The most dangerous part left was the takeoff from Baghdad. We were told to keep all lights out and maintain total telephone silence until we hit ten thousand feet. I was still on an emotional high. But the exhilaration of the moment was replaced by an eerie feeling of uncertainty as we blasted off the ground and climbed silently through the night.

After a few tense minutes, we reached a safe altitude. I called one of the operators on the plane and asked him to connect me with Laura. “Where are you?” she asked. “I am on the way home,” I said. “Tell the girls all is well.”

She sounded relieved. It turns out she’d had a little mix-up with the timing. She couldn’t remember whether I said I would be in the air at 10:00 a.m. or noon. At 10:15, she had called a Secret Service agent at the ranch and asked if he had heard from President Bush. “Let me check,” the agent said.

A few seconds passed. “Yes, ma’am,” he replied. “They are ninety minutes away.”

She realized he was talking about Mother and Dad, who were on their way to spend Thanksgiving with us. “No, I mean my George,” she said. The agent paused. “Well, ma’am,” he said, “we show he is in the ranch house.”

Secrecy was so tight that the agents on the ranch were still unaware that I had slipped away for the most thrilling trip of my presidency.

On Saturday, December 13, Don Rumsfeld called. He had just spoken to General John Abizaid, who had replaced Tommy Franks after his retirement in July. John was a cerebral, Lebanese American general who spoke Arabic and understood the Middle East. John believed we had captured Saddam Hussein. Before we announced it to the world, we had to be 100 percent sure.

The next morning, Condi called back to confirm the report. It was Saddam. His tattoos—three blue dots near his wrist, a symbol of his tribe—provided the telltale evidence. I was elated. Getting Saddam would be a big lift for our troops and for the American people. It would also make a psychological difference for the Iraqis, many of whom feared he would return. Now it was clear: The era of the dictator was over forever.

Several months later, four men came to see me at the White House. They were members of the Delta Team that had captured Saddam. They told me the story of the hunt. Intelligence pointed them to a farm near Saddam’s hometown of Tikrit. As the soldiers combed the grounds, one discovered a hole. He climbed in and pulled out a disheveled, angry man.

“My name is Saddam Hussein,” the man said. “I am the president of Iraq and I want to negotiate.”

“Regards from President Bush,” the soldier replied.

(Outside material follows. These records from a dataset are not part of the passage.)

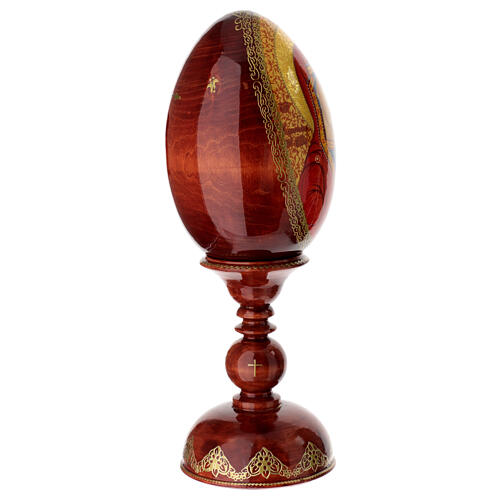 Hand painted Kazan Madonna egg h 42cm 6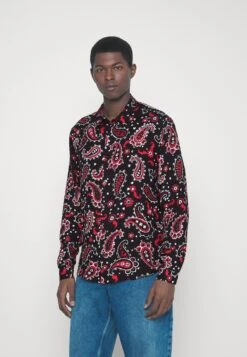 THE KOOPLES Chemise - Shirt - Black/Red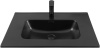 Раковина керамическая Aquanet Flat 00329254 71х47 полувстраиваемая цвет черный 1 отверстие под смеситель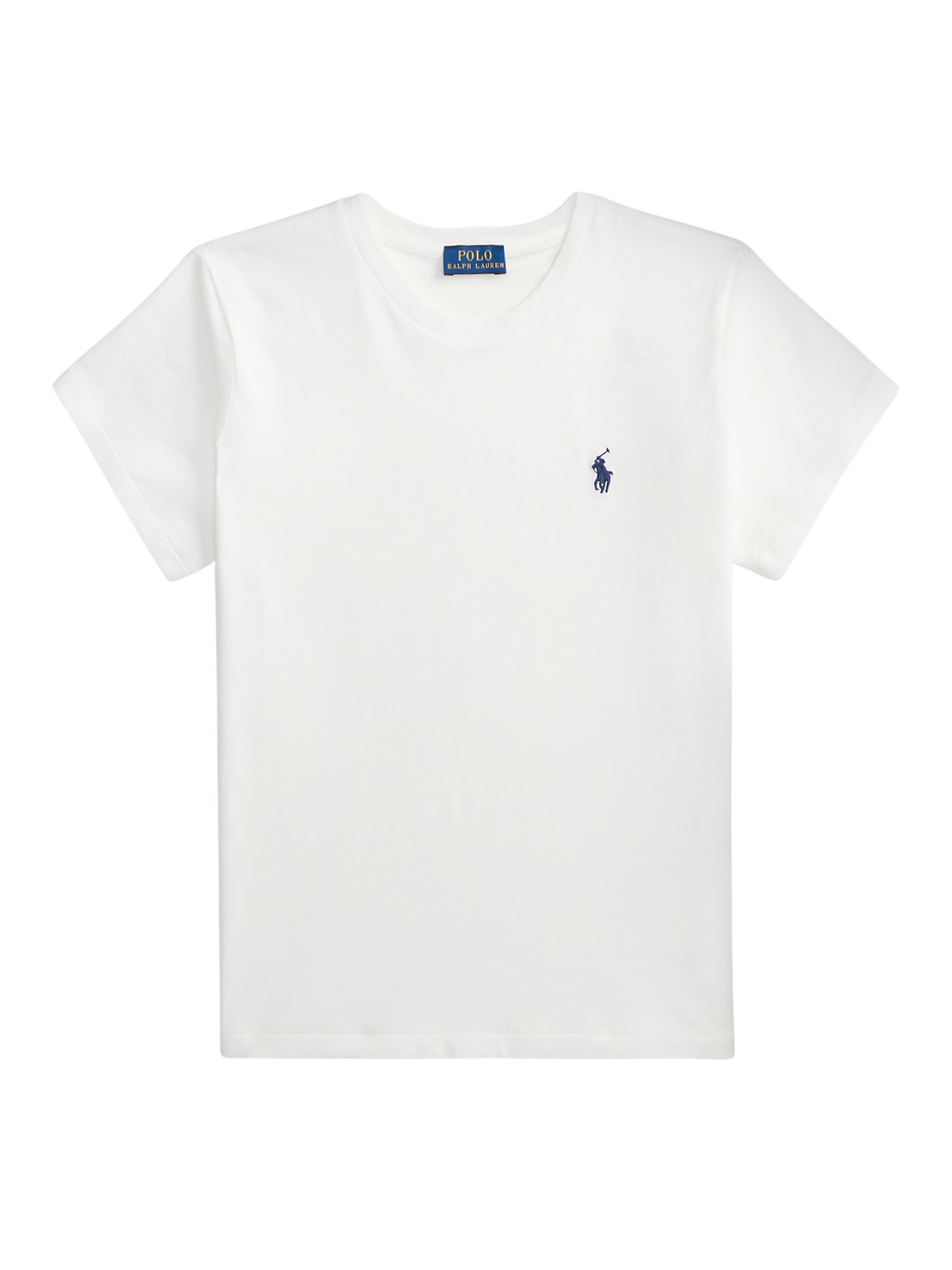 RALPH LAUREN WOMEN Classic Fit Cotton Jersey Crewneck Tee White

Saddam had three weapons with him, including a pistol that the men presented to me in a glass box. I told them I would display the gift in the private study off the Oval Office and one day in my presidential library. The pistol always reminded me that a brutal dictator, responsible for so much death and suffering, had surrendered to our troops while cowering in a hole.

The pistol Saddam Hussein had with him when he was captured. George W. Bush Presidential Library

As I record these thoughts more than seven years after American troops liberated Iraq, I strongly believe that removing Saddam from power was the right decision. For all the difficulties that followed, America is safer without a homicidal dictator pursuing WMD and supporting terror at the heart of the Middle East. The region is more hopeful with a young democracy setting an example for others to follow. And the Iraqi people are better off with a government that answers to them instead of torturing and murdering them.

As we hoped, the liberation of Iraq had an impact beyond its borders. Six days after Saddam’s capture, Colonel Muammar Qaddafi of Libya—a longtime enemy of America and state sponsor of terror—publicly confessed that he had been developing chemical and nuclear weapons. He pledged to dismantle his WMD programs, along with related missiles, under a system of strict international verification. It’s possible the timing was a coincidence. But I don’t think so.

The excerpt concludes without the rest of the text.